Project Director: Joshua Kotin, Associate Professor of English, Princeton University
Technical Lead: Rebecca Sutton Koeser, Lead Developer, Center for Digital Humanities at Princeton
In addition to the Project Director, Joshua Kotin, and Technical Lead, Rebecca Sutton Koeser, dozens of Princeton students, staff, and faculty have contributed to the Shakespeare and Company Project over its seven-year history.
The Project, previously known as “Mapping Expatriate Paris,” was founded in 2014 by Kotin, Jesse McCarthy (then a graduate student at Princeton), and Clifford E. Wulfman (Princeton University Library).

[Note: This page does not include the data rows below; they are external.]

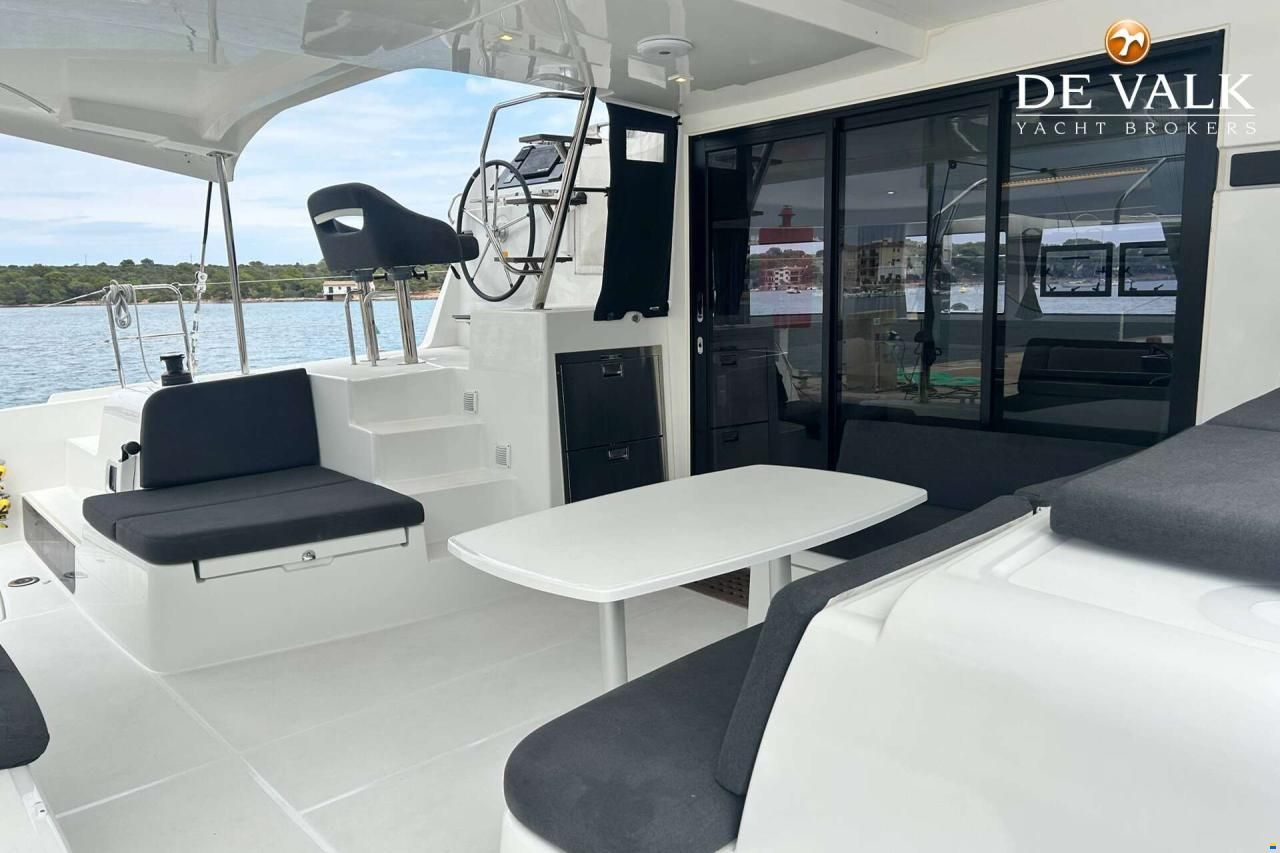 Lagoon 42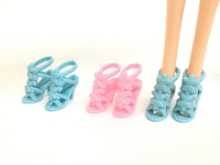 새로운 장난감 인형 신발 인형 신발 장난감 신발 샌들 액세서리 신발의 그림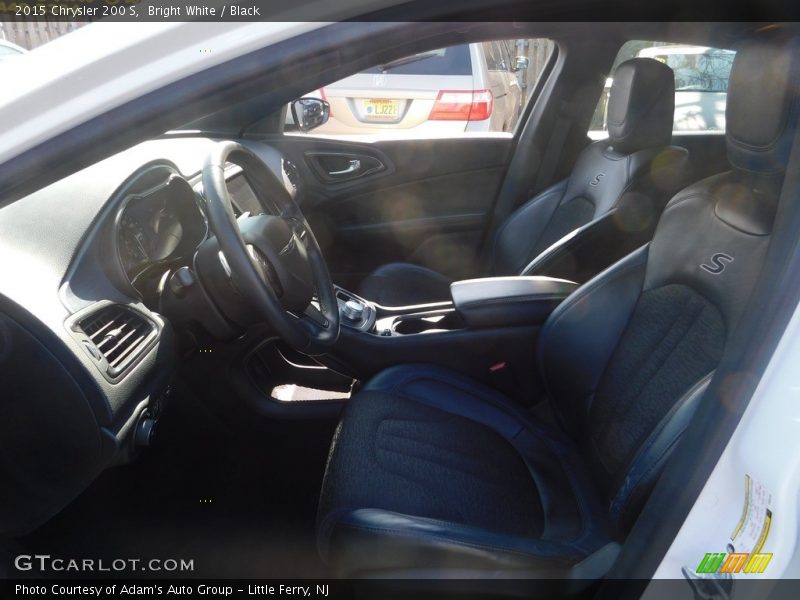 Bright White / Black 2015 Chrysler 200 S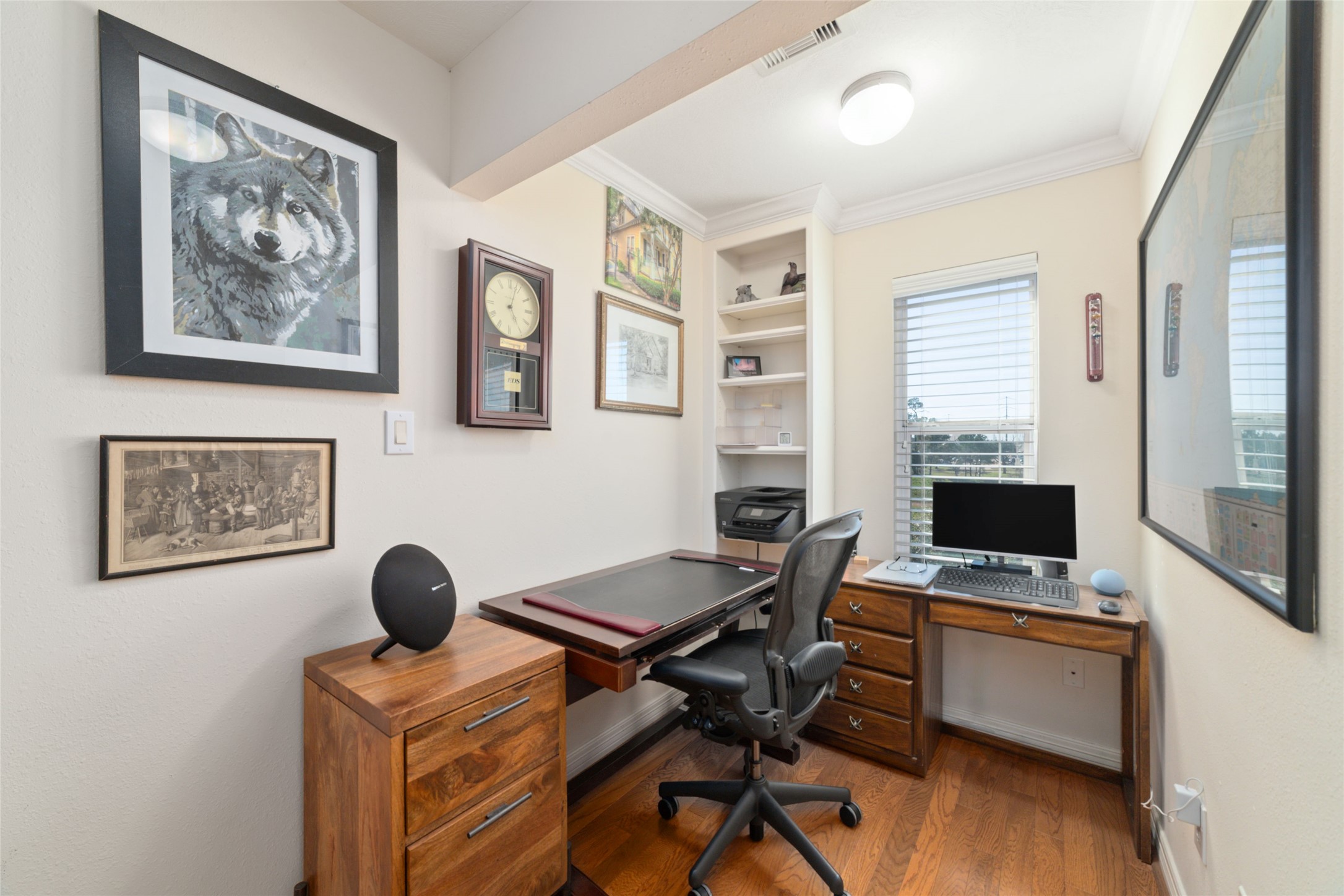 1807 Stacy Crest Houston, TX 77008 - Photo 18 of 32 Work area at top of 3rd floor stairs is perfect for in home office or work out area.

For a full list of contributors, past and present, see: https://shakespeareandco.princeton.edu/about/credits/.
https://shakespeareandco.princeton.edu
The Shakespeare and Company Project allows scholars and the general public to explore and analyze the activities of the Shakespeare and Company bookshop and lending library in interwar Paris. Visitors to the site can discover what influential writers (including Ernest Hemingway, James Joyce, and Gertrude Stein) read and read in common, analyze the shifting demographics of expatriate communities in Paris, and address theoretical questions about the connection between proximity and taste, and elite and mass culture. The Project draws from the papers of Shakespeare and Company owner and founder Sylvia Beach, which are held at the Princeton University Library.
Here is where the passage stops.